We are generally agreed, in Nigeria, that the quality (or lack of it) of our leadership is one of the more daunting hurdles we face in the task of moving the economy forward. A cadre for whom “everything is local” is always going to suffer from a severe form of solipsism, against which the benevolence necessary for the design and execution of policies necessary to lift large numbers of our people out of poverty will have scant recourse. Until recently, it was also clear that the “locus” from which our leadership takes its cues is not defective only to the extent that it is ignorant of the issues with which other such leaderships have acquainted themselves, as they broke new grounds. Instead, our leaders have chosen to define their challenges too narrowly.
For a while therefore, the quest for solutions to the national problem has concentrated on refreshing the leadership cadre. In part, this has included a commitment on the part of civil society groups to hold our leaders’ feet closer to the fire. There has also been an element that has sought to grow a new cadre, one with much broader loci. But wouldn’t it be easier were we to broaden the loci against which the current leadership defines itself? It would be a faster approach, if nothing else! So, all things remaining the same, i.e. with “everything remaining local”, once we define the loci as inclusively as possible, then we can (as a people) properly take on board the challenges of development.
There’s one let to this scheme, though. In its design (as with other such pro-people efforts), we often ignore the valence of the support structures underpinning our leaders: the personnel strata immediately beneath the executive branch. It is not enough to agree that a leadership with “local” coordinates will necessarily surround itself with “place men” and “yes men”. There is an additional duty to understand why we appear exceptionally endowed with such men. As part of a small work team, I was recently offered an insight into the possible reasons for the profusion of “yes men” amongst us. An opinionated team lead elicits only one response from her team: “Yes”. In this one instance, the response was agreed amongst team members well before the question was posed. Apparently, according to the team, this kept meetings shorter. Otherwise, you’d come up hard against the lead. And there was a sense that the team member with a need to express her difference was increasingly injurious to group cohesion. Ultimately, despite a strong desire to correct apparent errors at the top of the team, the “cantankerous” member didn’t want to be kicked out of the team (income loss, and all), so over time, she becomes compliant.

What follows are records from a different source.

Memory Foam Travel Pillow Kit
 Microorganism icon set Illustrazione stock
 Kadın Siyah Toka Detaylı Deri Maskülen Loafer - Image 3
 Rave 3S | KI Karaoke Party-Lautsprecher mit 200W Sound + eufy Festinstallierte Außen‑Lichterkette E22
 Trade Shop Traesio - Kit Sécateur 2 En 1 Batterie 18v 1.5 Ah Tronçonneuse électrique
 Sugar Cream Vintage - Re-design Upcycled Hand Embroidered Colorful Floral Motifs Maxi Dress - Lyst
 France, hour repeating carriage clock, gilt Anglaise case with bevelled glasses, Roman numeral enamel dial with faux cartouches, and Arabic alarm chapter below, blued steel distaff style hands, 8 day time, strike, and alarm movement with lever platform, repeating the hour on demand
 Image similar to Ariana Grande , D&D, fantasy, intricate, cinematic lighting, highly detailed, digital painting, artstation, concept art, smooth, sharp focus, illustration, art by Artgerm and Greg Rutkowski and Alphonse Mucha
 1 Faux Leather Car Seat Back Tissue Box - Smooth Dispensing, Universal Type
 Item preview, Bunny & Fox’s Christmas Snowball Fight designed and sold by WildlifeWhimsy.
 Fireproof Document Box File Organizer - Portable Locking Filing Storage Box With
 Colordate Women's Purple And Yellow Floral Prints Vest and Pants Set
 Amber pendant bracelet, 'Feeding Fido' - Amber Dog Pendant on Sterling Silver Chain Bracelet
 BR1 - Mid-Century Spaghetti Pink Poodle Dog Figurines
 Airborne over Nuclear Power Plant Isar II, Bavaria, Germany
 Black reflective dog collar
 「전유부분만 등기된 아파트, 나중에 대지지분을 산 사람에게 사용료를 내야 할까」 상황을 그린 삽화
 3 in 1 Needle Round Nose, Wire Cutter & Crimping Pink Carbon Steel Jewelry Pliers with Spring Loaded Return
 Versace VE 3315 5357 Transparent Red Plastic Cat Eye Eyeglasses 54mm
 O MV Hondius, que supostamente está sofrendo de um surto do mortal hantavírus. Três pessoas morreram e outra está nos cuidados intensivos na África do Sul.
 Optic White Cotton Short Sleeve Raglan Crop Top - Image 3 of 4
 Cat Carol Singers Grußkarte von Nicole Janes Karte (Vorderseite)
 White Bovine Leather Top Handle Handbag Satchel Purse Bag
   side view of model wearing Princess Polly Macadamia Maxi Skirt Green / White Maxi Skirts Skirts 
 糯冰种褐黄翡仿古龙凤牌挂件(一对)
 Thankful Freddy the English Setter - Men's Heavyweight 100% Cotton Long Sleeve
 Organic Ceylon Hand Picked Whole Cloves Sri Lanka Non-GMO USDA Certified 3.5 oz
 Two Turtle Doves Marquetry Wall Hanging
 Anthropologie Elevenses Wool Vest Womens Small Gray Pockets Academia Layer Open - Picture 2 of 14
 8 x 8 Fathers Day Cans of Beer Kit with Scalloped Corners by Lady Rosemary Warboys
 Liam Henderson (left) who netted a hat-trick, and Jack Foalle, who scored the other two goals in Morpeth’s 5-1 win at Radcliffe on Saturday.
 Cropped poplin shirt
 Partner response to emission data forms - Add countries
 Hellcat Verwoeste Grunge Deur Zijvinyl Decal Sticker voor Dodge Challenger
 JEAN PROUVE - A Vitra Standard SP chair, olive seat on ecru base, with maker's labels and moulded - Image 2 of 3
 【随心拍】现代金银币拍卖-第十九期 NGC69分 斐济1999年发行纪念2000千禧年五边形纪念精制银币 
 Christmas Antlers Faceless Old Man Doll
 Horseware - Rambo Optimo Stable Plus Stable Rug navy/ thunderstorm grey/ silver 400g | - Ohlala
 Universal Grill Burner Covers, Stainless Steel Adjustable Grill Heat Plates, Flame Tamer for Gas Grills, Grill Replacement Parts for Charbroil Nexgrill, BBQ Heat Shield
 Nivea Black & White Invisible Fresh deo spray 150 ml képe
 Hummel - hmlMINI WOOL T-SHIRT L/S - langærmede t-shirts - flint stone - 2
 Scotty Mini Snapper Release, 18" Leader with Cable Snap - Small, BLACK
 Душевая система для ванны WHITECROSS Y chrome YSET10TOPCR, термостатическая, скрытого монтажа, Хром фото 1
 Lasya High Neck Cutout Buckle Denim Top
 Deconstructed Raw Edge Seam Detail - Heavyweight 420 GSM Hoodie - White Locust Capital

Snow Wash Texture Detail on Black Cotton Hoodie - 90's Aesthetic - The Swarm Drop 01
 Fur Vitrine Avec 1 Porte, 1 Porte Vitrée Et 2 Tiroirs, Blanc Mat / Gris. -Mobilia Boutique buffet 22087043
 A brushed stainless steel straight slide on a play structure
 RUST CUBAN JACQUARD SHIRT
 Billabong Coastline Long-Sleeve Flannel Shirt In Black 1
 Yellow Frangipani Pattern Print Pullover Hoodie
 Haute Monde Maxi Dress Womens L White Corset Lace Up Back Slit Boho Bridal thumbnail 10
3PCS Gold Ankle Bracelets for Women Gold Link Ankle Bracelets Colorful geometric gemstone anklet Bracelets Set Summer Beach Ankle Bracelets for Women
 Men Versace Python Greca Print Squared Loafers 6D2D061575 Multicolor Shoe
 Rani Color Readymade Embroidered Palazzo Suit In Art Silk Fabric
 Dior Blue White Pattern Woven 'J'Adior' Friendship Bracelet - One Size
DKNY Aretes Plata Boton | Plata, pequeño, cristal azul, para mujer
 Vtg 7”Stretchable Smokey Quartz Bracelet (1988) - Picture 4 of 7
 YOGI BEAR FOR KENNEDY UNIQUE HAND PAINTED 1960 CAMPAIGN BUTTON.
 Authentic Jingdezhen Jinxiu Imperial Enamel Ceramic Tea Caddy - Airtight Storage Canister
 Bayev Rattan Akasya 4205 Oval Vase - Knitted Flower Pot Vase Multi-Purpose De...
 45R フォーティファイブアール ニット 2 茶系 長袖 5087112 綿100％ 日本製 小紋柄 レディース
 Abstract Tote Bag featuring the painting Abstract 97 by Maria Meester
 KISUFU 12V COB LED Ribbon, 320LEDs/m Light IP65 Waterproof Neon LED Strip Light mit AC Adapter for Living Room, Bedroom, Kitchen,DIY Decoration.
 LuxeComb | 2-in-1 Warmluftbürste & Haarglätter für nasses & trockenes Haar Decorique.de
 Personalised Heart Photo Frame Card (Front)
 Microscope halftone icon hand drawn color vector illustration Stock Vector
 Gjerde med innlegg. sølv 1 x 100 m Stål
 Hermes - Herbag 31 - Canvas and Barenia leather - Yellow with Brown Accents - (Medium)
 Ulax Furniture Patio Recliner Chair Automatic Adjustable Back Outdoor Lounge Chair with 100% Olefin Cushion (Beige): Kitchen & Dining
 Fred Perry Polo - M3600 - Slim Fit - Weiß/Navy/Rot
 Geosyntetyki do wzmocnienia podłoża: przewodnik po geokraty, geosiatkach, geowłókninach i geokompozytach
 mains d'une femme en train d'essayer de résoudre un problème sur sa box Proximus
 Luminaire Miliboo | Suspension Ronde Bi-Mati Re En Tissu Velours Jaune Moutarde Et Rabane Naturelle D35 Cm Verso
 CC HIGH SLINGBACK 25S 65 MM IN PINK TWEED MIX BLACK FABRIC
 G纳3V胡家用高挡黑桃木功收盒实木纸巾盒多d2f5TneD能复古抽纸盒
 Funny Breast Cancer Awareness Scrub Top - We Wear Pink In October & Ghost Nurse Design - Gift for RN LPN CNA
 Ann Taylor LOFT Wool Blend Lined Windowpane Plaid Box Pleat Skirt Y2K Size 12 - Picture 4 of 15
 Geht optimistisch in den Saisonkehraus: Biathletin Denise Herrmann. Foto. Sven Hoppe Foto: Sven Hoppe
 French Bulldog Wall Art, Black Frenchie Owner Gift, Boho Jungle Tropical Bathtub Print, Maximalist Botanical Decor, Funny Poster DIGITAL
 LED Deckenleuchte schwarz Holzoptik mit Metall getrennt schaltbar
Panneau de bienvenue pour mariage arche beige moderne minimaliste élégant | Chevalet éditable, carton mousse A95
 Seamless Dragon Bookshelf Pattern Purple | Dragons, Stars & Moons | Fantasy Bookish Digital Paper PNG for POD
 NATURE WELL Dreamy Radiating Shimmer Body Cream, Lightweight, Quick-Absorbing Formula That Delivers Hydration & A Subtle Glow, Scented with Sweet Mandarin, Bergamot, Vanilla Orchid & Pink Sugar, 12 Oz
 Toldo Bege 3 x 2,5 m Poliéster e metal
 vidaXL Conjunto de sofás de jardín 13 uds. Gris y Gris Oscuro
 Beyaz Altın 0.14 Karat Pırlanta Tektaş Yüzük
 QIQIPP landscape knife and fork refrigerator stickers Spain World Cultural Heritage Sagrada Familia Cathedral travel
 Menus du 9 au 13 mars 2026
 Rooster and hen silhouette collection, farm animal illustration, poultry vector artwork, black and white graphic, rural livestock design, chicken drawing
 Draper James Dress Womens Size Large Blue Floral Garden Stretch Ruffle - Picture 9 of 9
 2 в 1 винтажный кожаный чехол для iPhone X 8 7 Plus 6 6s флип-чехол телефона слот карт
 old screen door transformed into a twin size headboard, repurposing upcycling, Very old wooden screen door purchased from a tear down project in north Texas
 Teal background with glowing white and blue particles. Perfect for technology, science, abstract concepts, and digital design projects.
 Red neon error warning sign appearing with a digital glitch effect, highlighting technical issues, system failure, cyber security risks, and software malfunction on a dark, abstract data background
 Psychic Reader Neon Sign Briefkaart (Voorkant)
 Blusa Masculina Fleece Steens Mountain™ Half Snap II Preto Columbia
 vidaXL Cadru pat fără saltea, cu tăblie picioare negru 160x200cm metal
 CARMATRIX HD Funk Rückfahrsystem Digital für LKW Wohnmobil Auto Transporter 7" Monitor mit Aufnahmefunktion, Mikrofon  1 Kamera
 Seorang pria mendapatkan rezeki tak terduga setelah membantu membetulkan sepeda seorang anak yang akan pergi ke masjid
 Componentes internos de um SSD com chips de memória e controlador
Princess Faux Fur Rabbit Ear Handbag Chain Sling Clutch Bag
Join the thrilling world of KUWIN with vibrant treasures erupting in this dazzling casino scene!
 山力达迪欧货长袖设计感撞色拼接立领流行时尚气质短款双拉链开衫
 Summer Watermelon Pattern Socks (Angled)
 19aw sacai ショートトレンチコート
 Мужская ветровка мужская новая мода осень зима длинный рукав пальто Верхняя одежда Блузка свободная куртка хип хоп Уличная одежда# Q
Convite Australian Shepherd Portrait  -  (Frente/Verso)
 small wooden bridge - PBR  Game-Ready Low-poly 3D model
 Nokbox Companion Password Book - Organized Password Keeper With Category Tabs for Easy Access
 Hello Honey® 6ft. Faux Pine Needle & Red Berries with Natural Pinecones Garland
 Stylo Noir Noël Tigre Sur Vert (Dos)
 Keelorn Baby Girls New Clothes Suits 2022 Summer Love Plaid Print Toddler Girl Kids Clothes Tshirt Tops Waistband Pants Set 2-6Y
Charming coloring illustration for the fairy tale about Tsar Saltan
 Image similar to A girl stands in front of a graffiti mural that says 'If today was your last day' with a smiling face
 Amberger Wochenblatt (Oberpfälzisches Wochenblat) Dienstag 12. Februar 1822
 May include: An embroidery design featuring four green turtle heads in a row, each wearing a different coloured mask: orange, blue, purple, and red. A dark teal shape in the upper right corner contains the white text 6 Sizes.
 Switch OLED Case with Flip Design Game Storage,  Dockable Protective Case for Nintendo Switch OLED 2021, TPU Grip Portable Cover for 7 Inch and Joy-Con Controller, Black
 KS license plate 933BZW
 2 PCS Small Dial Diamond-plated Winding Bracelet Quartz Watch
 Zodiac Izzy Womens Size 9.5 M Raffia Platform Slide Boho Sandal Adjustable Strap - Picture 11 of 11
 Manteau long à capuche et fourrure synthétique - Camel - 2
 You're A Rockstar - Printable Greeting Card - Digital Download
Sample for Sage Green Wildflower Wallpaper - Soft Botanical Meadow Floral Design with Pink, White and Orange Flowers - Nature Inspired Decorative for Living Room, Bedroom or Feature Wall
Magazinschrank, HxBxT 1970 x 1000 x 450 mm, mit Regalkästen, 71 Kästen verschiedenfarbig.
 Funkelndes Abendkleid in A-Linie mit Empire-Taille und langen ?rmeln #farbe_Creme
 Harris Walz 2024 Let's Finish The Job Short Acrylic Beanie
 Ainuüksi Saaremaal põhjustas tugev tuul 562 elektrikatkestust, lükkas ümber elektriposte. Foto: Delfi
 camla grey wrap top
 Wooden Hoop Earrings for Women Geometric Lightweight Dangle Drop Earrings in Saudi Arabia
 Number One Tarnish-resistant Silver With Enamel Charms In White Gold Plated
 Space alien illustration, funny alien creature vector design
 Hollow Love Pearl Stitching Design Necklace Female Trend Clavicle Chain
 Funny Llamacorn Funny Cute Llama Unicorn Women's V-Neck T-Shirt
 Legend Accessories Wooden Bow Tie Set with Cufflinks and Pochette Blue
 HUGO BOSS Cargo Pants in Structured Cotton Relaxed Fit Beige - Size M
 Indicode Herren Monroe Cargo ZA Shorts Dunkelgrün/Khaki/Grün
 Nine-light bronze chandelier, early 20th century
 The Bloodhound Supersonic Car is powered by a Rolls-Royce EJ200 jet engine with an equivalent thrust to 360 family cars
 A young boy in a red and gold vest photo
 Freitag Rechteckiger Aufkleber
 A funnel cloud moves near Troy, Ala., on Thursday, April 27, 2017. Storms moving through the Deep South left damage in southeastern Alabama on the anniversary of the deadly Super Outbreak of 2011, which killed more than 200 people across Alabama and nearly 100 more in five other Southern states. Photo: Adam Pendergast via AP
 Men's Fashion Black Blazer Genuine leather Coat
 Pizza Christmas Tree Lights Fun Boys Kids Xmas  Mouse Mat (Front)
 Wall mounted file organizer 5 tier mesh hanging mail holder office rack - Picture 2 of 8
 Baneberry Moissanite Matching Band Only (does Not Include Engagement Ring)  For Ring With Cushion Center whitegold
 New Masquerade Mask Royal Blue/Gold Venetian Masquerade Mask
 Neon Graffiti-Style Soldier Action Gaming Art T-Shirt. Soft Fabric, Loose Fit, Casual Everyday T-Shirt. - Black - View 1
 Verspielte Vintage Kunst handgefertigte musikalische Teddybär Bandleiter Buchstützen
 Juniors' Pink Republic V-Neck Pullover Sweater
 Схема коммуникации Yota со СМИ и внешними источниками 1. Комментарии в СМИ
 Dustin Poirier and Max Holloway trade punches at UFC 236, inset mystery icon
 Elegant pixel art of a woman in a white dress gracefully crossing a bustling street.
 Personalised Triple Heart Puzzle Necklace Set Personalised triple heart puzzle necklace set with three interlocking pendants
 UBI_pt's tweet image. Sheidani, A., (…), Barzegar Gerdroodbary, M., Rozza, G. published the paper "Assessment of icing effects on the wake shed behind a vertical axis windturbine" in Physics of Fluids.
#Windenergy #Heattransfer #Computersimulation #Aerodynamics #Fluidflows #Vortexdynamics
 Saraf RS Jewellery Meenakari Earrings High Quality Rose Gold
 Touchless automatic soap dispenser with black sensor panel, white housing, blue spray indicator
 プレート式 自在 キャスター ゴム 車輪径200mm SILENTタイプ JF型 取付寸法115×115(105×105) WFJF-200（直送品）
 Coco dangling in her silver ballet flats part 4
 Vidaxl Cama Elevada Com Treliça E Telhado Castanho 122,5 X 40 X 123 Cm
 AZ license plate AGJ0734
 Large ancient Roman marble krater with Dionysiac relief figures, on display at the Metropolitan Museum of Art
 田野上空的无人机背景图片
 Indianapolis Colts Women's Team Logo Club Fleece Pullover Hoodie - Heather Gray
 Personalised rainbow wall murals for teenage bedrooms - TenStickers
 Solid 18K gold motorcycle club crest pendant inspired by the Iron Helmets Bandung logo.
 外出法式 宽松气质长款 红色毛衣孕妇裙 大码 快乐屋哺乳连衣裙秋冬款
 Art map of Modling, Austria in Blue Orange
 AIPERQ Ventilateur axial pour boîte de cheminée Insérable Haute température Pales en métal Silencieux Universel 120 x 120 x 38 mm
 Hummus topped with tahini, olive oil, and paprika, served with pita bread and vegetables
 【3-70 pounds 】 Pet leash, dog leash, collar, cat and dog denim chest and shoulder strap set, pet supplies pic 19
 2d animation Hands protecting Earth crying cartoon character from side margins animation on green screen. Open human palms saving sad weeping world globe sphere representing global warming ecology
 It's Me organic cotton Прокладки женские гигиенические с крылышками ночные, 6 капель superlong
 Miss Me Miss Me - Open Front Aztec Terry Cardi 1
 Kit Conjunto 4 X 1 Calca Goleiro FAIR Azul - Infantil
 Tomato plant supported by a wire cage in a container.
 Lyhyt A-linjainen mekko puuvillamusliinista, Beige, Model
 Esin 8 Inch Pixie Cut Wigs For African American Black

I suppose this process has gone through enough iteration in the hallowed spaces of our public service that it has become the “culture”. In the private sector, especially the service industries, the process has a further feature. It sets back-office functions (where all the big cheeses are) against front-desk personnel. Market development and penetration strategies are delineated by the former. The latter acquiesce with a telling nod. Unfortunately, because front-office personnel are more likely to push the customer handle better than the smartest fella ensconced in the head office, the net effect of our preferred leadership model is a failure by private sector firms to meet customers at their point of need. This failure, mirroring as it were, the failure of the civil service to meet voters at their point of need speaks to a much wider problem.
Isn’t all this reflective of a deeper cultural malady? One, which demands biddability to authority and age? One, which, on this basis alone, assures a drop-off in creativity and innovation at the levels where these matter most? I wonder if these questions do not lead to the poser: “Why is it so hard for the private sector to tell that in so far as its economic goal is best served by exceeding customer expectations, the loci for service industries must be as close to the customer as possible?” At least for the private sector success is measured in terms of profitability, and this in turn is a function of how well the customer is served. For the public sector, this thought trajectory falls flat on its face. The question here is how voters may, like customers, hold their service providers to account. Or put differently, “What is the locus of the public service’s power in this country”? In a democracy, this locus is unquestionably “the people”. Alas, we are not yet a democracy!